Top of Provided records
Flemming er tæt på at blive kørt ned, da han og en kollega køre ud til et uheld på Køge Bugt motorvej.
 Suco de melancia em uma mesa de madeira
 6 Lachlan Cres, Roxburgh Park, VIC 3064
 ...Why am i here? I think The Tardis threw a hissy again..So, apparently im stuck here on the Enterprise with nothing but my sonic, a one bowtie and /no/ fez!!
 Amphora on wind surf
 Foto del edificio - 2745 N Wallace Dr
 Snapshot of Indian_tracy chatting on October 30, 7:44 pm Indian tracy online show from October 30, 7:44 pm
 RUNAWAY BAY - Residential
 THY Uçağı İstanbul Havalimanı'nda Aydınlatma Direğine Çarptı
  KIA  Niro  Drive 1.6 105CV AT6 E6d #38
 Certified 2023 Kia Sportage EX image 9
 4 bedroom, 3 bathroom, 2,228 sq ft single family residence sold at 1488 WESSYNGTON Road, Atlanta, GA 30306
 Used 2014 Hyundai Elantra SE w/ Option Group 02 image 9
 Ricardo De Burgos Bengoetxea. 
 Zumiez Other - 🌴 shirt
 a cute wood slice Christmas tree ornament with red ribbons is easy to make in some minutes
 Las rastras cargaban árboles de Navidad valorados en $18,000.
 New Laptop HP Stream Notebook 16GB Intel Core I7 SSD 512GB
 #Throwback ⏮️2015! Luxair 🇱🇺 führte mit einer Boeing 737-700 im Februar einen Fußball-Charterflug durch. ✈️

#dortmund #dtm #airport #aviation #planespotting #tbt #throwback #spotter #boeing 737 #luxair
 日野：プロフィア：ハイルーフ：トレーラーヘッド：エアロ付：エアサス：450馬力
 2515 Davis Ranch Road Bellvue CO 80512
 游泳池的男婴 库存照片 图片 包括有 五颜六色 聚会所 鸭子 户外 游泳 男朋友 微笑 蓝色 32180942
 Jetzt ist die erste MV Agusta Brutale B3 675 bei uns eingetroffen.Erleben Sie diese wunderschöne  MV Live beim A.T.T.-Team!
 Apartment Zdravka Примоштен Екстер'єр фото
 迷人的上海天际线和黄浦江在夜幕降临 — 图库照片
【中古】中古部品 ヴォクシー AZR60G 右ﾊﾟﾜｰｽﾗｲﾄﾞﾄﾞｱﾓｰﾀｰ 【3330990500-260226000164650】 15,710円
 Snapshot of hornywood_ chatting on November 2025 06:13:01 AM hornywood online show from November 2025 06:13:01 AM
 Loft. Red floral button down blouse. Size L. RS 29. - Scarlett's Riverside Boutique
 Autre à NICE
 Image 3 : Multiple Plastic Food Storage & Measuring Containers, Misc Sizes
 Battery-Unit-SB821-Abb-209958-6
Bottom of Provided records
_Action item_
The lines from the one containing "Snapshot of hornywood_" through the last line of the records are to be transcribed exactly, with nothing else added.

_Answer section_
 Snapshot of hornywood_ chatting on November 2025 06:13:01 AM hornywood online show from November 2025 06:13:01 AM
 Loft. Red floral button down blouse. Size L. RS 29. - Scarlett's Riverside Boutique
 Autre à NICE
 Image 3 : Multiple Plastic Food Storage & Measuring Containers, Misc Sizes
 Battery-Unit-SB821-Abb-209958-6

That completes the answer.